Git Product home page Git Product logo

Comments (13)

kkolyan avatar kkolyan commented on September 22, 2024 2

Yet another report with "memory leak" reproduction: https://github.com/kkolyan/jackson_leak.
It uses ObjectMapper from 1000 threads and during an hour occupy heap of 8G (with initial occupation by test data of 600M), leading to permanent freeze.

from jackson-core.

mariofusco avatar mariofusco commented on September 22, 2024 1

HI @cowtowncoder I would like to investigate this memory issue, but at the moment I have no clue on how to reproduce it on my side. I also asked here and I'm waiting for an answer. I'm reviewing its implementation again, and in all honesty it seems quite straightforward, so at the moment I don't know what to do about it. About making the LockFree pool bounded, this is of course feasible, but I'm against for a few reasons:

  1. In general I don't like blind fixes
  2. In this specific case making the pool bounded won't help as to investigate the problem, but only to put it under the carpet
  3. Making that pool bounded won't be free however, both adding some further complexity to it and introducing a performance cost
  4. We already have a bounded pool implementation, with performance very similar to the LockFree, so if we want a bounded pool as default implementation, let's just use it

from jackson-core.

mariofusco avatar mariofusco commented on September 22, 2024 1

Thinking twice, now I see an admittedly weird situation where the LockFree pool can grow indefinitely. In that pool there is an heuristic to limit the number of retries under heavy contention. When this happens it gives up attempting to retrieve a resource from the pool and creates a new one instead. However this heuristic is implemented symmetrically on both acquire and release, so similarly on release it gives up trying to put back a resource into the pool after a few failed attempts. In essence the pool will grow if there is a huge asymmetry in its usage, when the acquire is always under heavy contention but the release isn't. I'm not sure how to deal with this situation to be honest, but still I would like to see it happens into the wild before deciding on any action.

from jackson-core.

cowtowncoder avatar cowtowncoder commented on September 22, 2024 1

I may be wrong, but to me it seems like ConcurrentDequePool might be the safer but similar implementation to use -- it uses Deque for storing pooled objects.
And compared to BoundedPool it has the benefit of lower overhead for cases where pool itself is not used (since there's no allocations with Deque, it being linked list).

from jackson-core.

cowtowncoder avatar cowtowncoder commented on September 22, 2024

/cc @mariofusco @pjfanning -- I hope to learn if there is some specific usage scenario and create multi-threaded reproduction. I am suspecting that somehow reuse from the pool is failing, but perhaps not for every call. jackson-benchmarks, for example, does not exhibit this problem: but it also does not by default use heavy concurrency and tests do not run long enough to necessarily accumulate humongous buffers.
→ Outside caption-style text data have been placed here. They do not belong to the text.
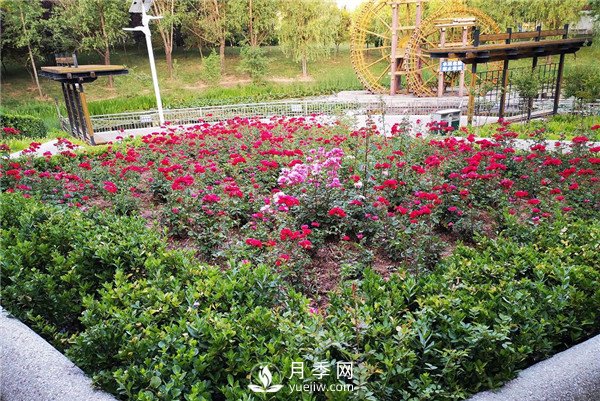 月季在花壇中該如何運用？(圖1)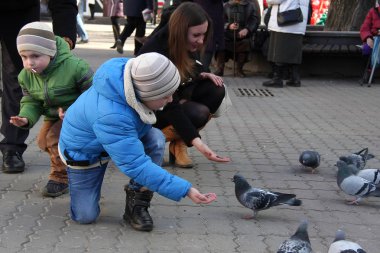 Güvercinler 2018 çocuklar ana kare ile besleme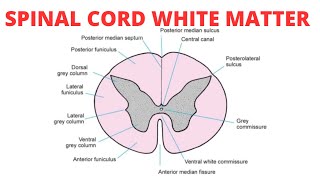 Spinal Cord White Matter Structure [upl. by Coady]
Also: it is interesting that the one concern I did have wrt unbounded pools ended up happening, it seems.
So it feels like my insistence on ideally having maximum size to avoid this problem (... although, doing so might hide an issue to) seems warranted. For whatever that is worth.

from jackson-core.

cowtowncoder avatar cowtowncoder commented on September 22, 2024

@mariofusco Your thoughts align remarkably closely with my thinking :)
(not that this guarantees we are necessarily right but it is ok sanity check I think)

As to reproduction, what I was thinking was indeed running a multi-threaded scenario with N threads, reading and writing, against modified copy of pool which allows accessing size, printing it periodically and checking if size would be growing.
I guess one unfortunate part is that any "lost" acquire will add to size and although in some use cases the opposite could occur too (release does not happen on some code path, I assume that is possible too), there are probably cases where release works reliably so even small incremental unbalance will lead to increase retention over time.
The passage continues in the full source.